Тянется череда утесов, иногда разделенных пропастями, на дне которых ревут бурные реки. Поезд проходит по мостам и через туннели. И нельзя не вспомнить о славных деяниях инженера Мэйггса, восемьдесят с лишним лет назад проложившего рельсы в этом краю ущелий, горных вершин и отрогов, где бушуют бури и лавины постоянно грозят сходом. Думал ли об одиссее этого инженера революционер Майта в то февральское или мартовское утро, когда двадцать пять лет назад впервые сел в этот поезд? Думал ли, какие страдания пришлось испытать тем тысячам мулатов и чоло, которые за ничтожное жалованье, а порой просто за миску скверной еды и горсть коки обливались по́том по двенадцать часов в день, дробя камни, взрывая скалы, таская шпалы, выравнивая поверхность земли для того, чтобы пролегли эти рельсы, протянулись эти мосты и открылись эти туннели – и для того, чтобы стала явью самая высотная в мире железная дорога? Сколько было оторвано пальцев, сколько отсечено кистей, сколько выбито глаз, когда крушили динамитом горный хребет? Сколько людей сорвалось в пропасти, сколько было погребено под селевыми потоками, сносившими их лагеря, где люди спали вповалку, дрожали от стужи, дурели от усталости, шалели от коки, согревались лишь своими пончо и дыханием товарища? Он начал чувствовать высоту – стало труднее дышать, кровь застучала в висках, заколотилось сердце. Но одновременно едва удалось теперь скрывать восторг. Хотелось улыбаться, свистеть, пожимать руки всем, кто был в вагоне. Ему не терпелось встретиться с Вальехосом.
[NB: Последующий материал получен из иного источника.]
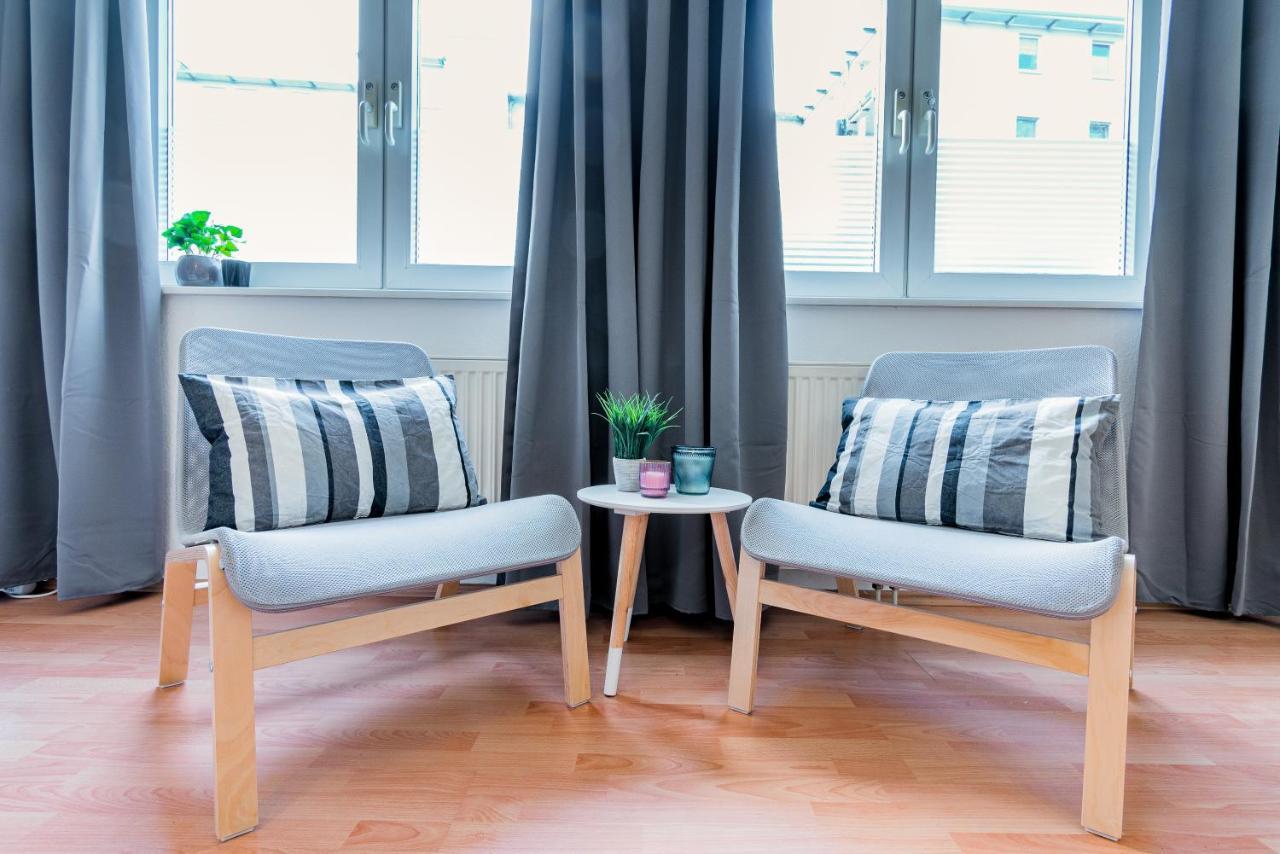 Helles Apartment in TOP-Lage mit Parkplatz Maagdenburg Buitenkant foto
– Я – учитель Убильюс, – говорит он, протягивая мне руку, едва лишь я, отстояв огромную очередь, вышел с перрона, где два полицейских в штатском проверили мои документы и перетряхнули сумку, где лежала пижама. – Для друзей – Чато. А мы с вами – уже друзья, если не возражаете.
Я написал ему, сообщая о своем приезде, и вот он явился встретить. Вокруг вокзала разбит настоящий военный лагерь – солдаты с винтовками, рогатки, проволочные заграждения. По улице взад-вперед с черепашьей скоростью ездит танкетка. «Плохая ситуация?» – спрашиваю я уже на ходу.
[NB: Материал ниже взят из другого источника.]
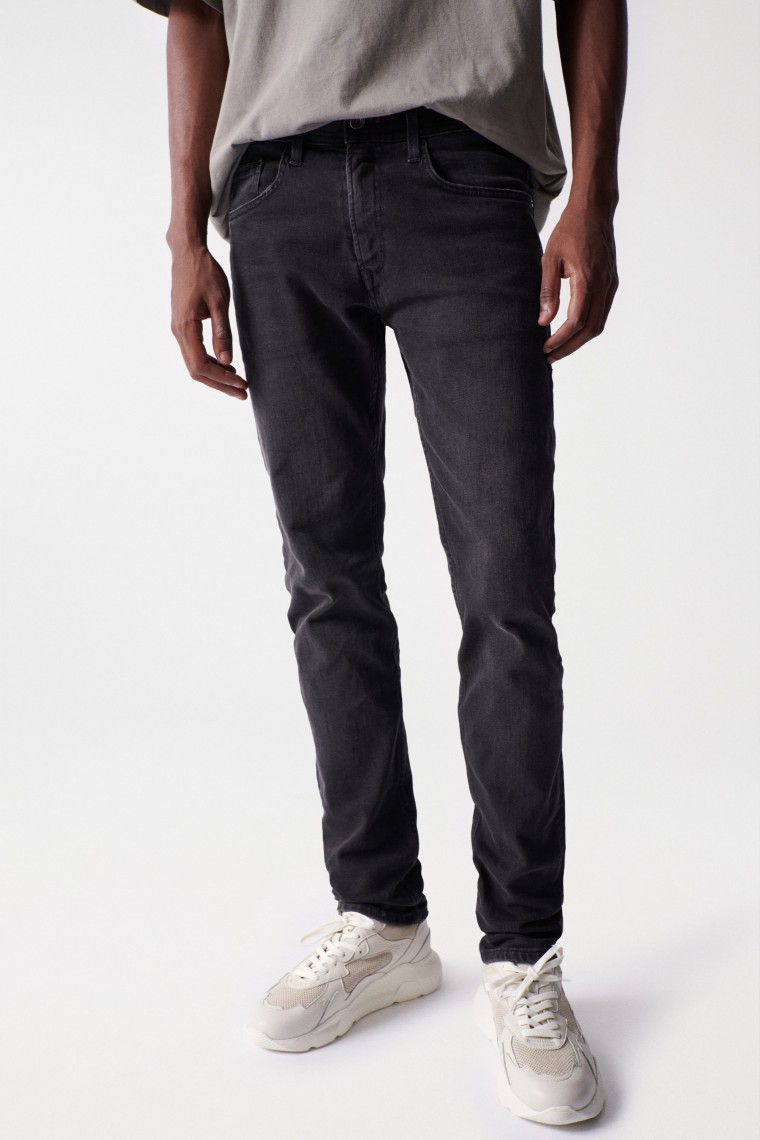 PANTALN VAQUERO SLIM NEGRO CON DESGASTE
– В последние несколько недель стало поспокойней, – отвечает Убильюс. – До такой степени, что даже отменили комендантский час. Теперь можно выйти полюбоваться звездами. А то мы уже забыли, какие они из себя.
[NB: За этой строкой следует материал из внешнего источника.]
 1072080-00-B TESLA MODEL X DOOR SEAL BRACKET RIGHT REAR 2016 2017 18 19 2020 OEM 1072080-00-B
Он рассказывает, что месяц назад мятежники предприняли массированный штурм казарм Хаухи. Перестрелка длилась целую ночь, все подступы были завалены телами убитых. Их было столько, и смрад начался такой, что трупы пришлось облить керосином и сжечь. После того боя мятежники не затевали в городе никаких крупных акций. Правда, окрестные вершины каждое утро ощетиниваются красными флагами с серпом и молотом. И каждый день военные патрули их срывают.
– Я снял вам номер в «Альберге де Пака», – добавляет он. – Чудесное место, вот увидите.
Учитель, приземистый и коренастый, затянутый в полосатую тройку, застегнутую на все пуговицы, похож на двигающийся сверток. Галстук завязан крошечным узлом, а в этих башмаках он, вероятно, выбирался из какой-то топи. Он щеголеват, как истый житель сьерры, а слова произносит, немного скандируя, и время от времени в его речи проскальзывает отзвук кечуа. У площади останавливаем древнее такси. Город не слишком изменился с той поры, когда я побывал здесь в последний раз. По крайней мере, беглый взгляд замечает не слишком много следов войны. Не видно также ни высоких мусорных куч, ни изобилия нищих. Домики сияют чистотой и со своими старомодными крылечками и замысловатыми оградами кажутся бессмертными. Убильюс тридцать лет преподавал в Национальном колледже Сан-Хосе. Когда же решил выйти на пенсию – в те дни, когда то, что мы считали обычным мятежом, стало обретать размах гражданской войны, – ему устроили торжественные проводы, где присутствовали все его бывшие ученики. Произнося свою прощальную речь, он не сумел сдержать слез.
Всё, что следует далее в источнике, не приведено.